I would like to build a proper laser driver and use an audio output to modulate the laser output.

At the moment, I connected the audio output instead of the battery in a laser pointer. It works, but the laser signal is very weak and I would like to use laser diodes instead of laser pointers. The ready-built laser drivers often use TTL signals, MHz modulation or not enough current. The laser can handle currents up to 26mA. A circuit plan would be great!

Final Project: I would like to use the audio line output to modulate the laser and use the audio line input to read the photodiode signal, laser audio communication setup.

This previous question (link) is amazing, but I have an analogue signal and not a TTL signal.

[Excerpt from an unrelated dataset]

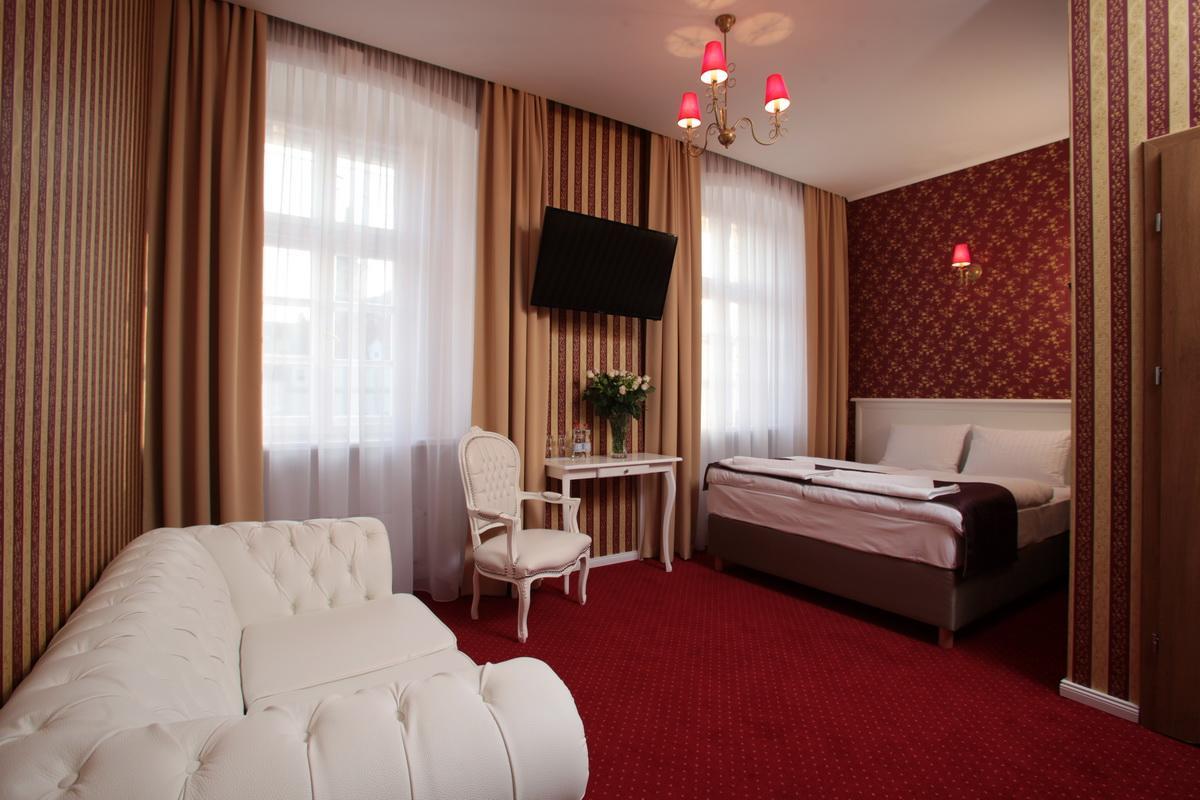 Hotel Court Park Nysa Ngoại thất bức ảnh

• Olin's answer to the linked question will work for analog as well as digital inputs, you'll just need to adjust component values for your signal bandwidth, bias point, and gain. – The Photon Oct 23 '18 at 21:43
• Welcome to EE.SE. As you might suspect laser diodes and lasers in general much prefer to be modulated with a digital signal, even PWM would work. Using analog signals puts the laser into 'inbetween' states where it waist much energy as heat and has a non-linear response. Your options are to feed it a digital or PWM signal. – Sparky256 Oct 23 '18 at 21:44
• @Sparky256, That's nonsense. Analog modulation of a laser diode is a common technique. – The Photon Oct 23 '18 at 21:46
• @ThePhoton. Agreed, but the response is non-linear which limits bandwidth and dynamic range. – Sparky256 Oct 23 '18 at 21:48
• @Sarah, can you share a link to the datasheet for your laser? What kind of medium are you sending the signal through (glass fiber, plastic fiber, free space, ...)? – The Photon Oct 23 '18 at 21:51

Count on mounting the MOSFET to a medium heat-sink about 1"$$\^{3}\$$. If heat-sink gets too hot to touch add a small cooling fan about the same size as the heat-sink, or 2" sq at most, and make sure it can run on your local DC supply, plus or minus a couple of volts. It must blow cool air into the heat-sink.